# EXERCISE
Starting with the line that contains "Jahrtausendturm Elbauenpark in Magdeburg", copy each line exactly through the end of the listing, and omit all pictures.

# DATA PROVIDED
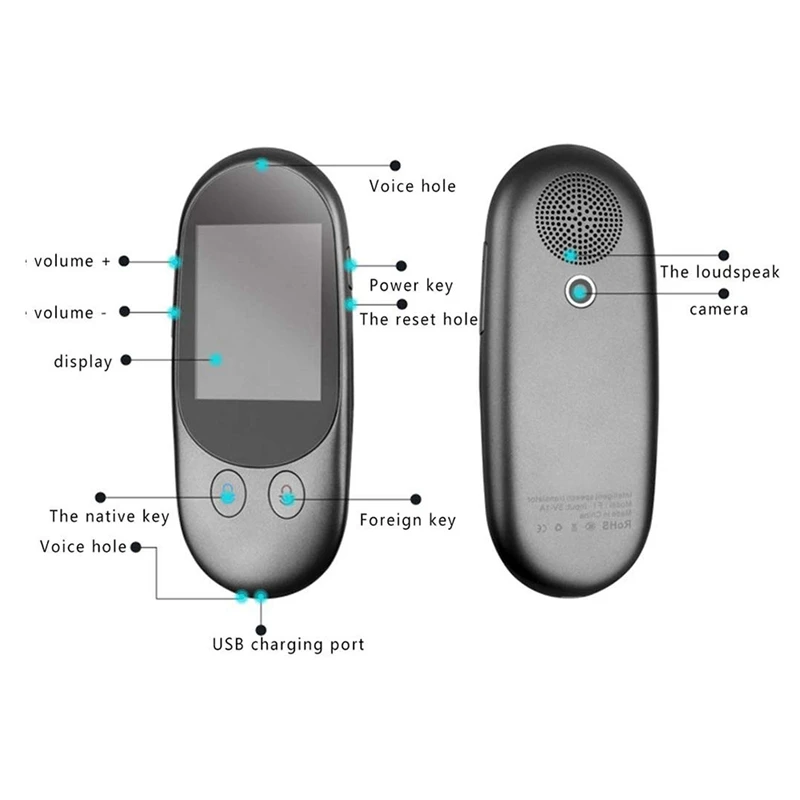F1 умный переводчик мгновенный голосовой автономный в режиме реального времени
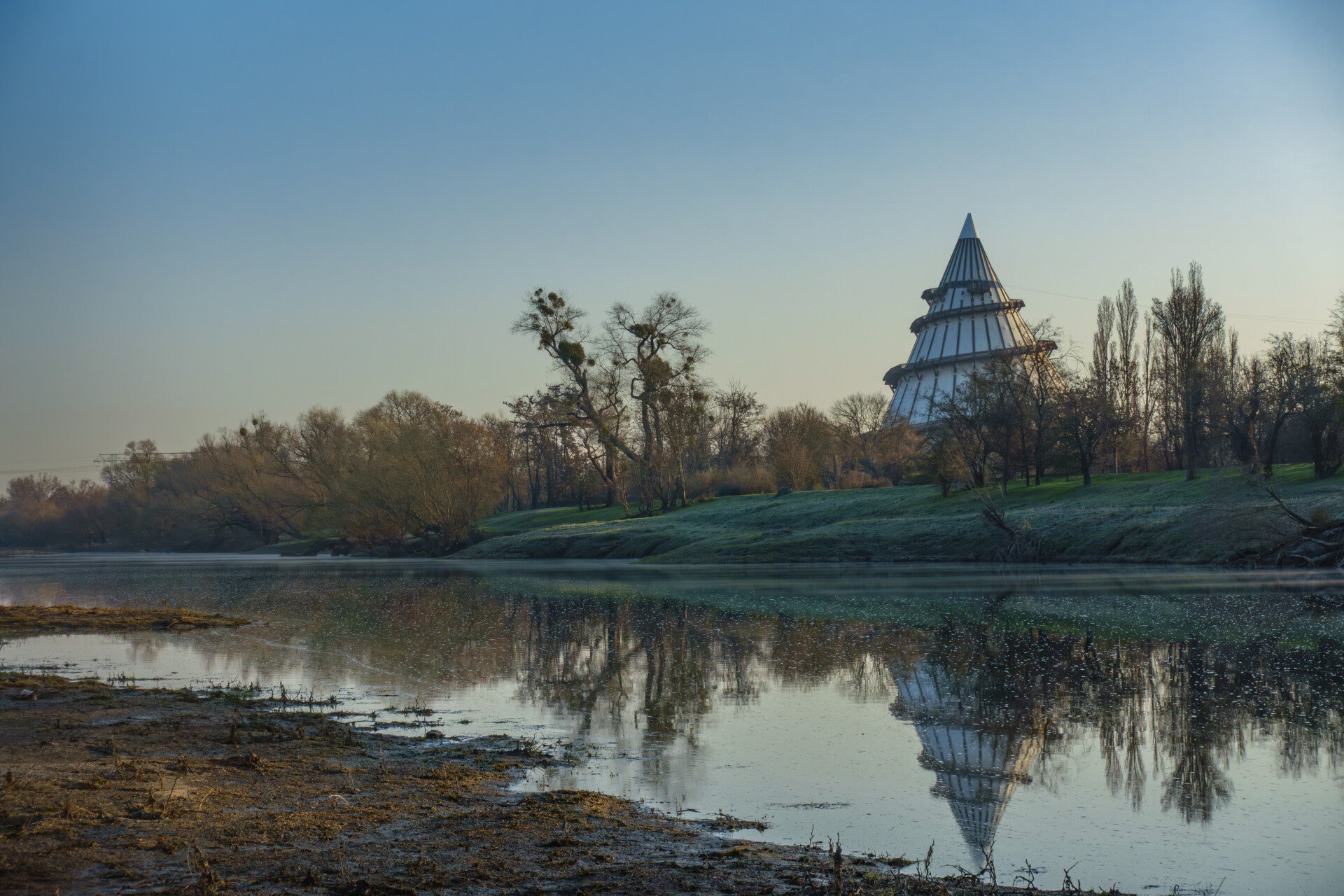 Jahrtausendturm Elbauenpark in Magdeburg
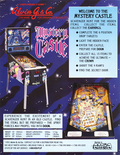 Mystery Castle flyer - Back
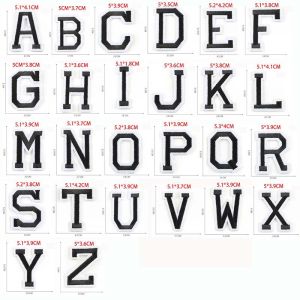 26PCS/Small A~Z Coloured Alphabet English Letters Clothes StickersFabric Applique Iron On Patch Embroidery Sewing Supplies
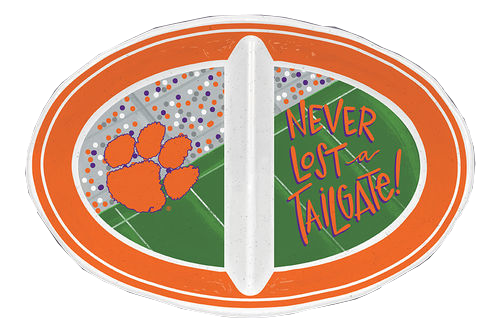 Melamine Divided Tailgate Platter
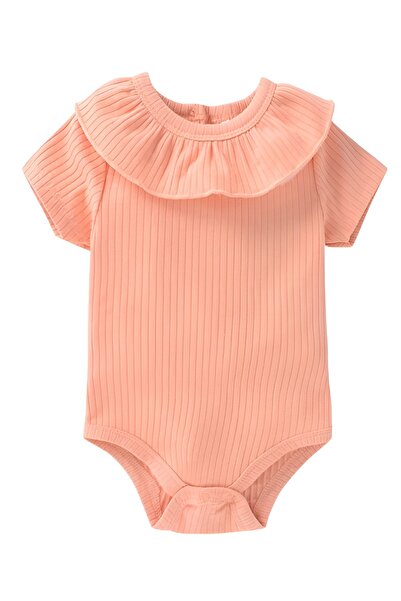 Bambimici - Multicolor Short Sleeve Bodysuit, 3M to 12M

# YOUR RESPONSE
 Jahrtausendturm Elbauenpark in Magdeburg
 Mystery Castle flyer - Back
 26PCS/Small A~Z Coloured Alphabet English Letters Clothes StickersFabric Applique Iron On Patch Embroidery Sewing Supplies
 Melamine Divided Tailgate Platter
 Bambimici - Multicolor Short Sleeve Bodysuit, 3M to 12M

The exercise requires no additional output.